I really liked this area showing the pink marble
and the stained glass window with pretty colors.

The long hallway on the 4th floor, the little black squares are glass cylinders (bottles), which allows sunlight to shine through to the 3rd floor.  There are stained glass windows above letting in plenty of natural light.

Corinthian columns are used extensively, inside and outside. Blindfolded Lady Justice reminds us all that laws are to be fair for all people.

The letter M is displayed in several places...this one is on the floor in the Old Supreme Court.

There are 242,500 square feet in this State House.

Mississippi comes from an Indian word that means "Father of Waters."

Jackson Mississippi is named in honor of Andrew Jackson, the 7th President of the United States. 

In our walk around the town, we enjoyed several sites, had a wonderful meal at Elite Restaurant, and got another stamp for our visits to State Capitols.

Again, another great big thanks to our wonderful friends, David and Marianne for introducing us to these magnificent places of history.

Until next time...

Saturday, November 9, 2013

Youth Art Show

We assisted in the Youth Art Show last weekend here at the refuge, and my, what talent these kiddos have.

There were entries from eight years old to 14 years of age.

This little cutie took first place in her age division...8-10.  A watercolor of a wolf.

There were many to judge from, and I am glad I was not one of the judges. 

One particular teacher had many winners from her class.

Outside was where the fun began.  This little bobcat kitten stole the show walking around on a leash, playing with the skunk and circling the Gopher Tortoise.

And of course, we had to have the baby alligator out and about.

This Short-eared Owl drew some attention.

Then I just had to hold this boa constrictor!!!  What a beautiful snake.

It was on display, snaking around on a table for kids to touch.

The art show was a success with many in attendance, and of course the animals added to the day.

Here's looking at you kid.

Until next time...

Sunday, October 27, 2013

It's Open...

Remember a few blogs back, that I said we would come back to this place, The Dew Drop Jazz and Social Club.  Well, the doors and windows are open, and we enjoyed the evening listening to some great music.

The cost is $10.00 which is really a donation.  There are only benches to sit on...nothing fancy, but the place was packed.
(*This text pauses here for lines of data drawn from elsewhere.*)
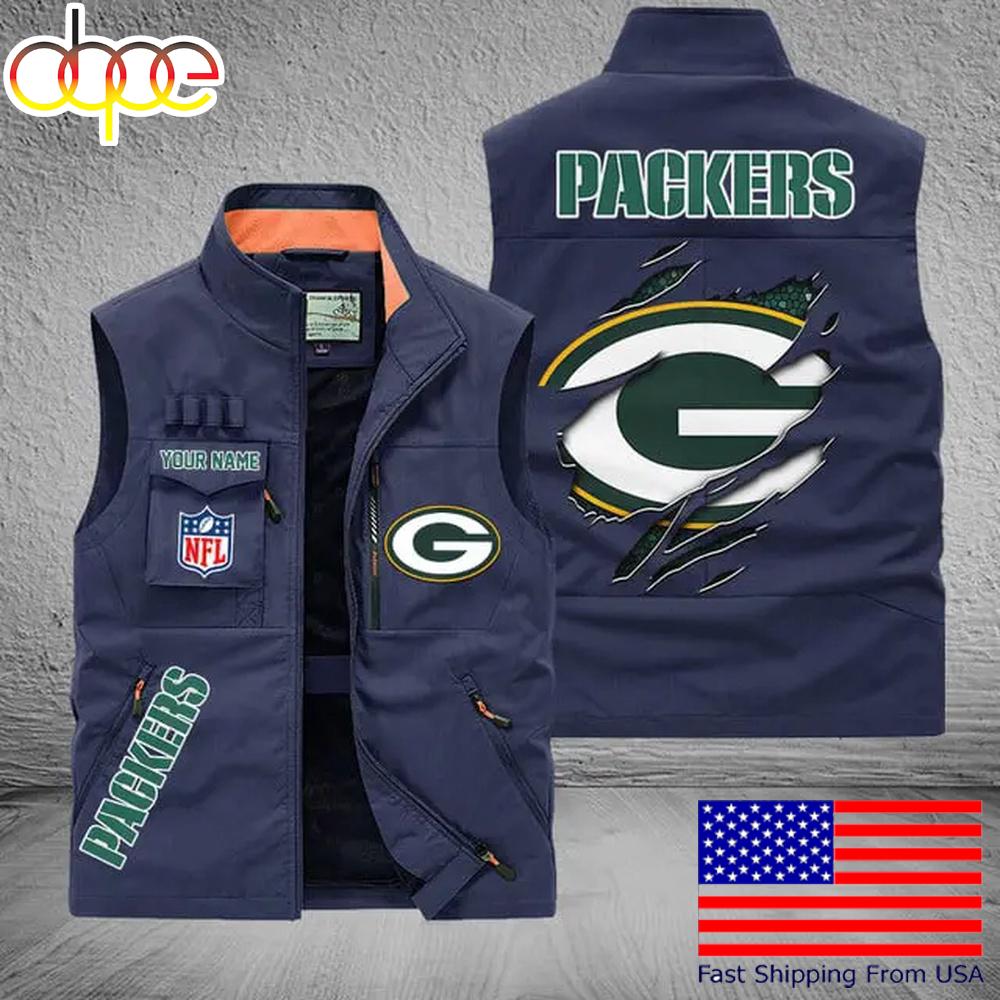 Sportswearmerch Green Bay Packers NFL On Back Personalized Pocket Vest For Fan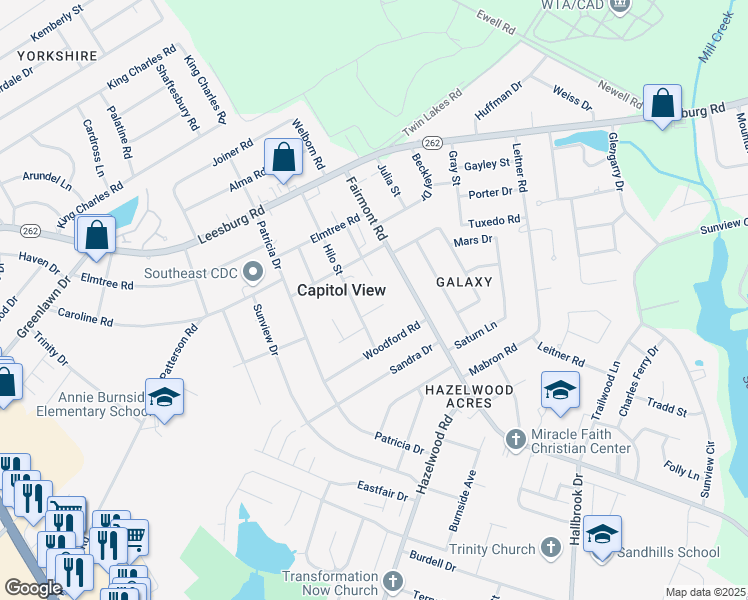 map of restaurants, bars, coffee shops, grocery stores, and more near 1715 Oakgrove Court in Columbia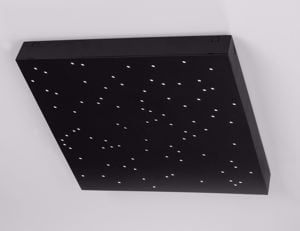 Plafoniera quadrata pannello led 8w cielo stellato nero 30x30 dimmerabile 3000k 4000k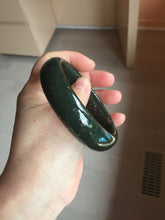 Load image into Gallery viewer, 62.2mm 100% Natural Dark Green/Black Meteorite Starry Night Sky Galaxy Nephrite Bangle HK4-5902
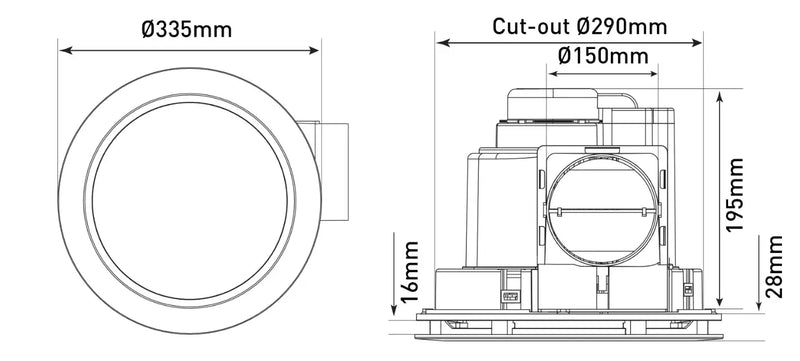 Revoline Bathroom Exhaust Fan With 17W LED - FIL Kitchen Bathroom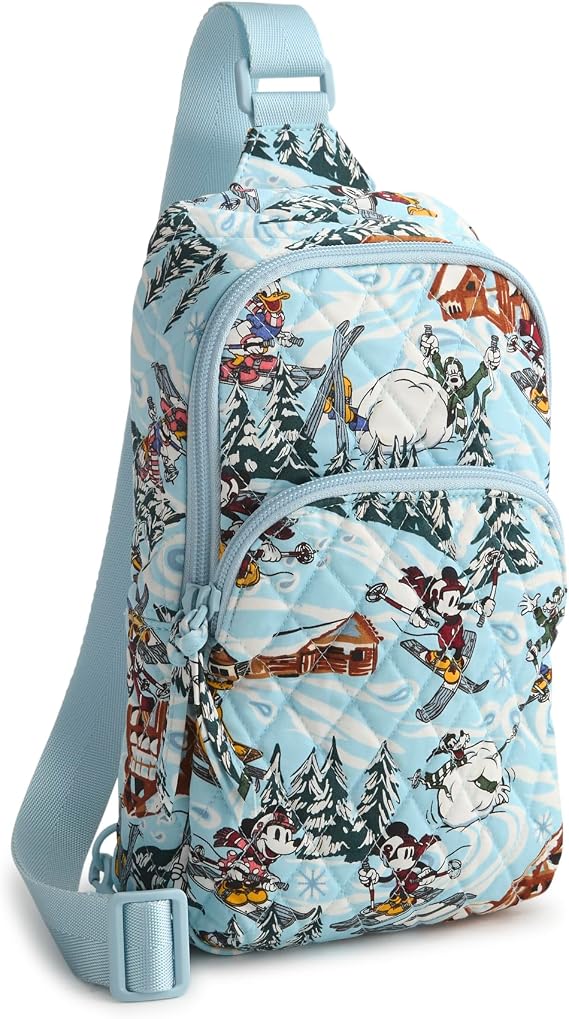 Vera Bradley Women's Disney Premium Cotton Lorman Sling Backpack, Ski Weekend Mickey and Friends, One Size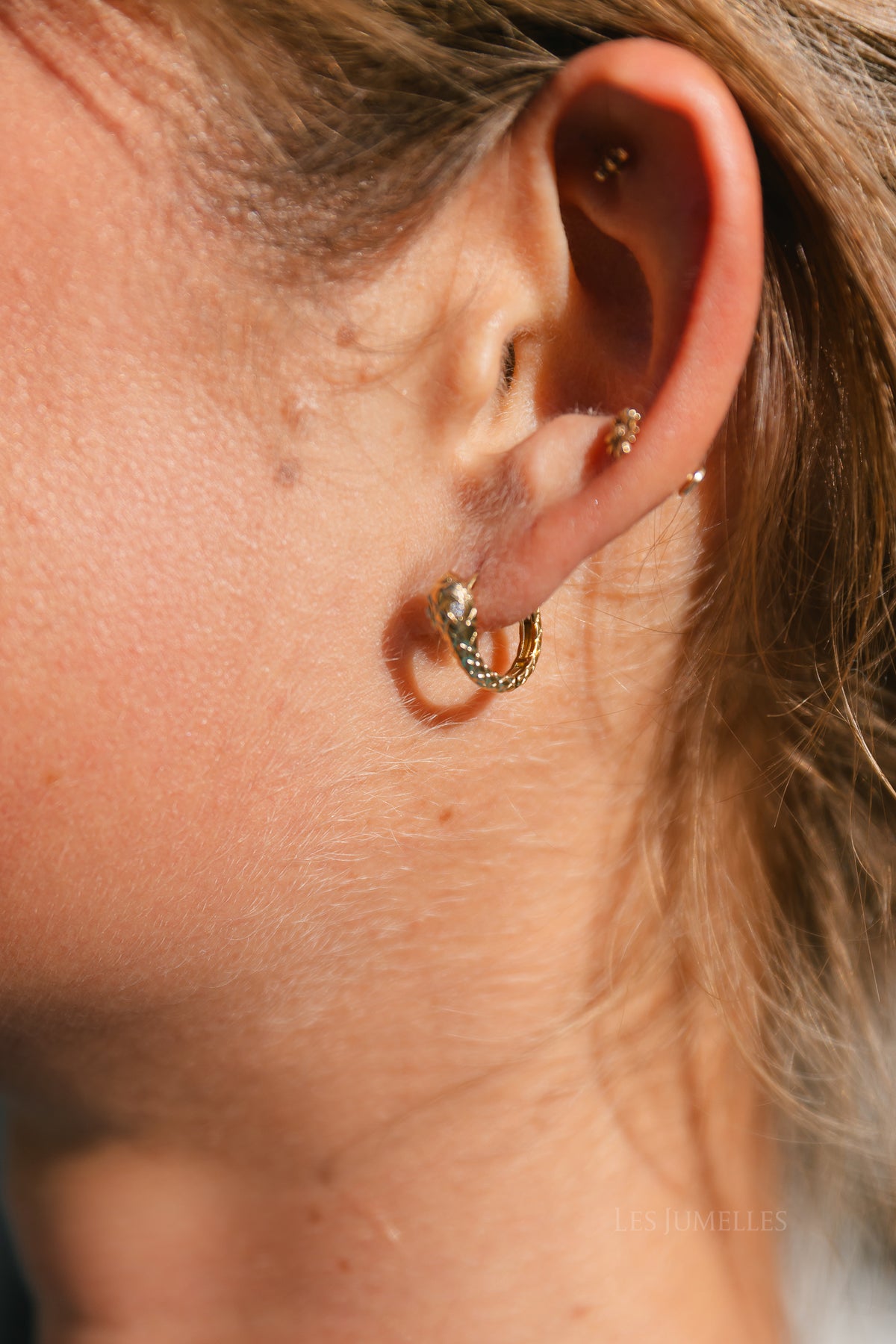 Stainless steel snake hoop earrings gold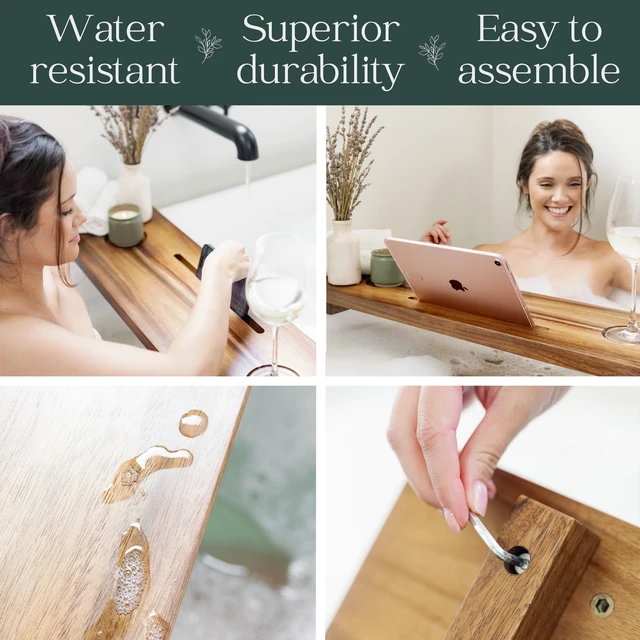 Alt view image 5 of 5 - Premium Bathtub Tray for Freestanding Bath | Large & Thick 35 Acacia Wood Luxury Bath Tray for Tub | Anti-Tip, Non-Toxic, Adjustable Bathtub Trays for Tub with Bathroom Accessories Holder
Of course, you can bring a cushion if you so desire.  The church next door has plates of food to purchase and there is plenty of beverages.

These were the groups playing.  They were very good.  Tom could really play that piano, and Aurora could really play that saxophone and clarinet.  She also sang some really old fashioned songs about the area.  I had never heard them, mostly about the Mississippi.

At 8:00 pm, the New Orleans Jazz Vipers took stage.  They were very good too.  The feet were tapping to the music.

This water feature caught my eye...an old french horn, which was located in a yard nearby.

We had a wonderful time and enjoyed some wonderful music.